» MATERIAL TO PROCESS:
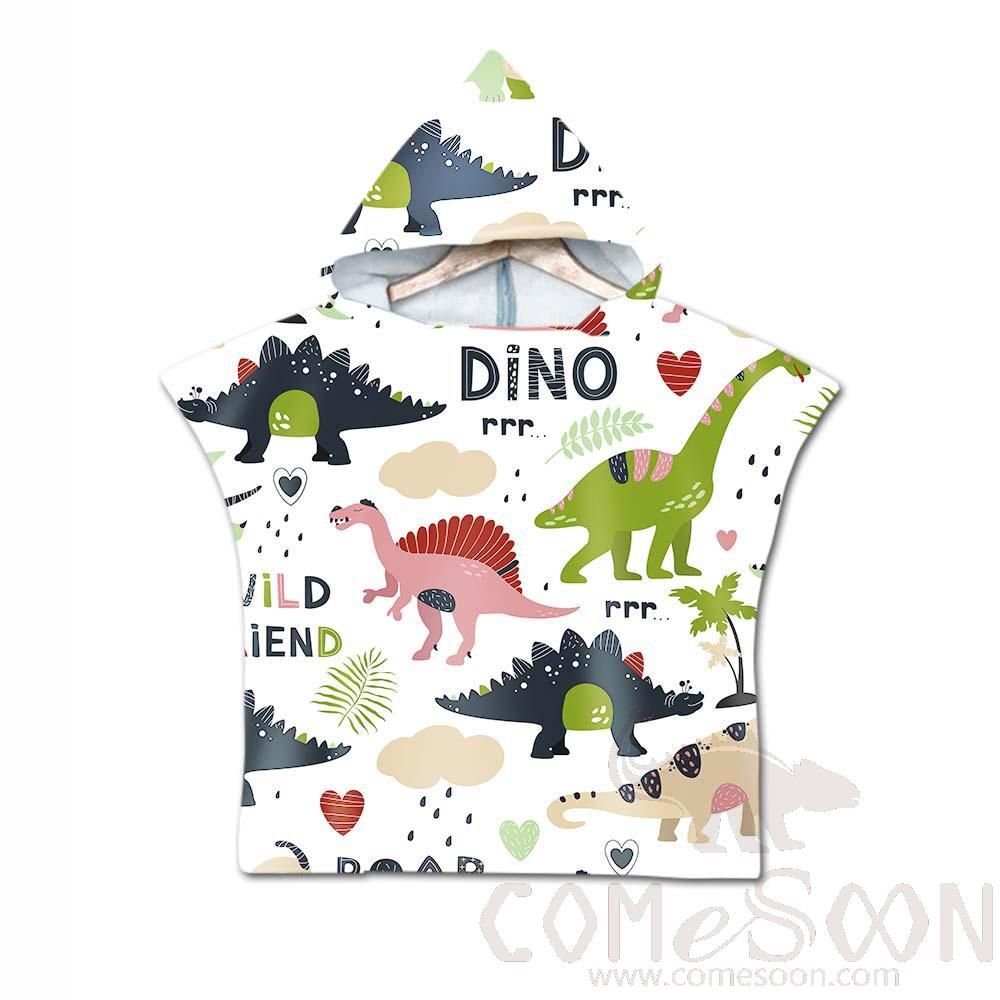 Kid's Cape Beach Towel,Microfiber，60*80cm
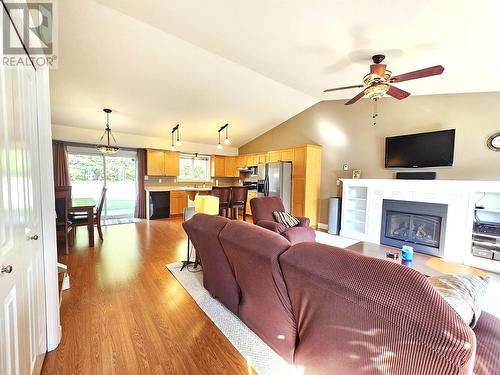 6147 Springall Crescent, Prince George, BC - Indoor Photo Showing Living Room With Fireplace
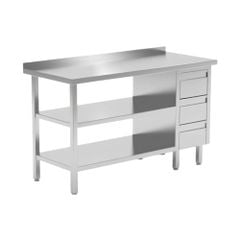 Bàn thao tác 2 kệ phẳng 3 ngăn kéo TC-B2K3N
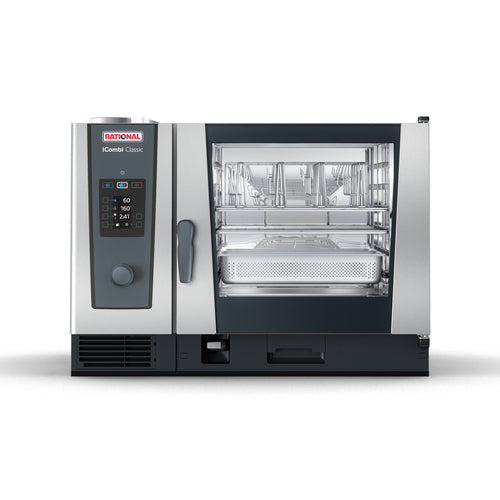 RATIONAL ICC 6-FULL E 208/240V 3 PH (LM200CE)-QS Quick Ship Combi Ovens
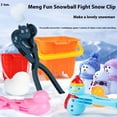thumbnail image 2 of ZheElen Creative Snowball Launcher For Endless Winter Fun Users Can Quickly Shapes pink, 2 of 6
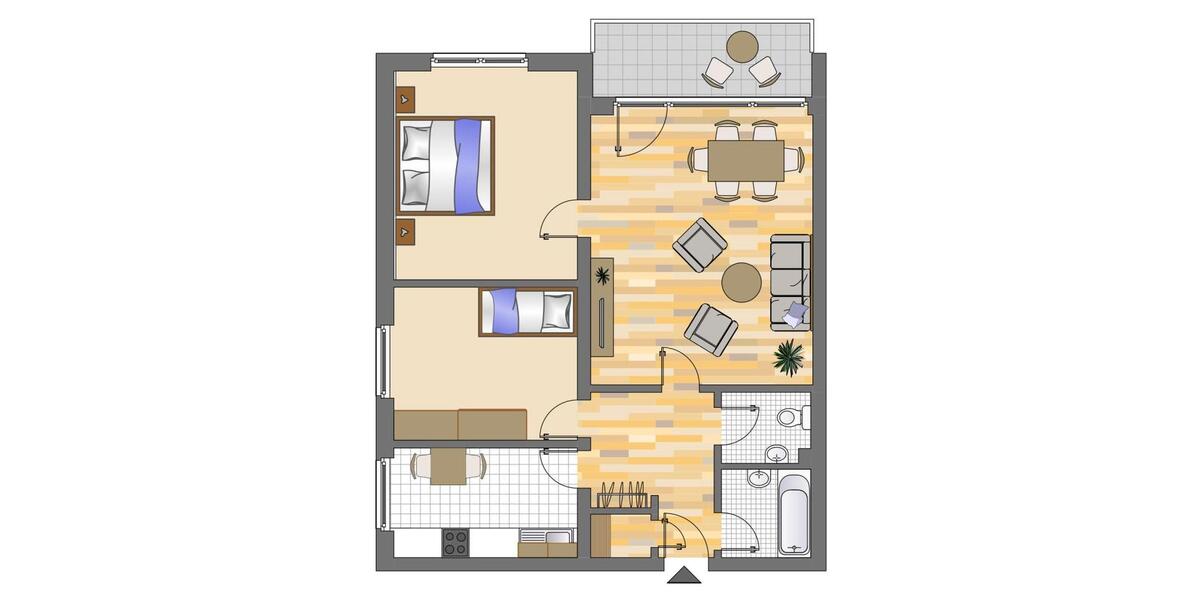 Etagenwohnung Velbert Langenberg - 3 Zimmer, 78 m&sup2;, 529&euro; | Angebot:26290040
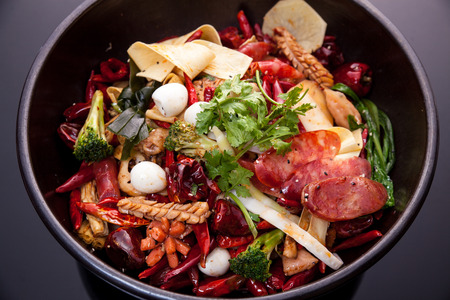 Spicy hot potï¼This dish is very popular in Chinaの写真素材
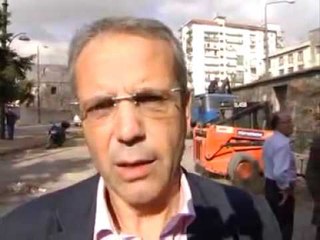 Napoli - Sodano con i lavoratori del Comune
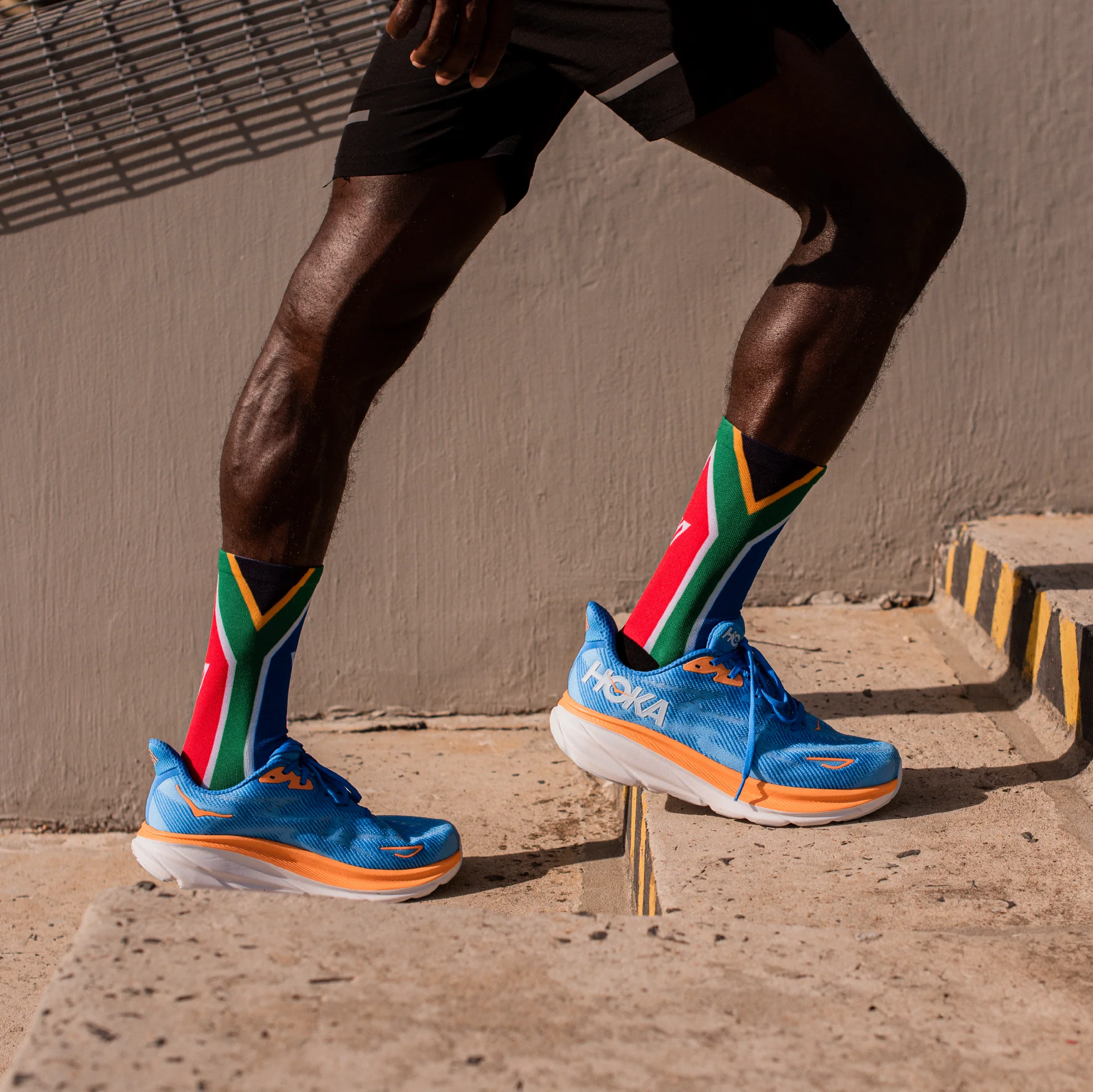 South Africa Flag Active Crew Socks Bundle (4 Pack) - Image 4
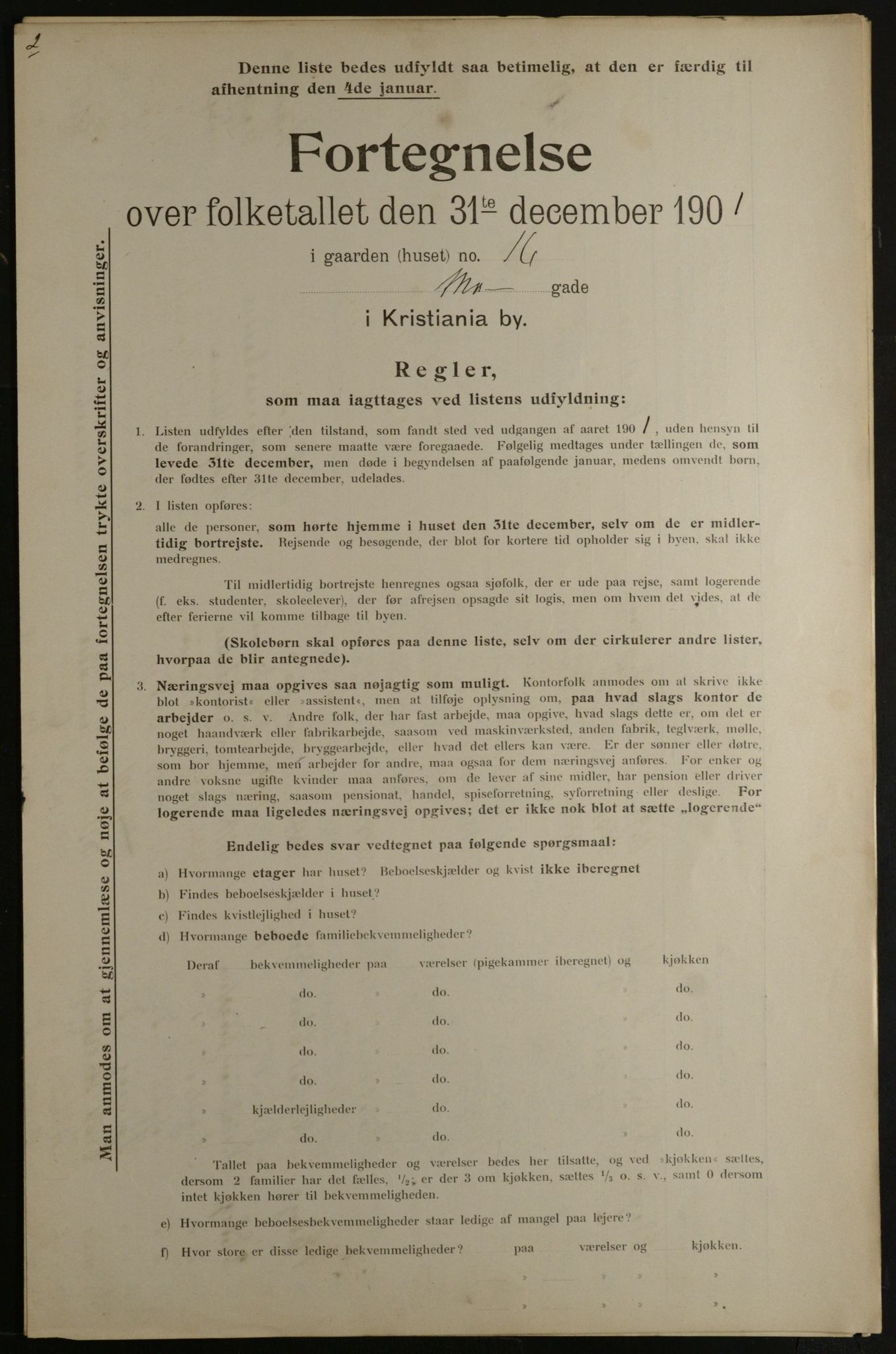 OBA, Municipal Census 1901 for Kristiania, 1901, p. 10073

» REQUIREMENT: What you give back must match the material above exactly, minus its pictures.

» TASK RESPONSE:
 Kid's Cape Beach Towel,Microfiber，60*80cm
 6147 Springall Crescent, Prince George, BC - Indoor Photo Showing Living Room With Fireplace
 Bàn thao tác 2 kệ phẳng 3 ngăn kéo TC-B2K3N
 RATIONAL ICC 6-FULL E 208/240V 3 PH (LM200CE)-QS Quick Ship Combi Ovens
thumbnail image 2 of ZheElen Creative Snowball Launcher For Endless Winter Fun Users Can Quickly Shapes pink, 2 of 6
 Etagenwohnung Velbert Langenberg - 3 Zimmer, 78 m&sup2;, 529&euro; | Angebot:26290040
 Spicy hot potï¼This dish is very popular in Chinaの写真素材
 Napoli - Sodano con i lavoratori del Comune
 South Africa Flag Active Crew Socks Bundle (4 Pack) - Image 4
 OBA, Municipal Census 1901 for Kristiania, 1901, p. 10073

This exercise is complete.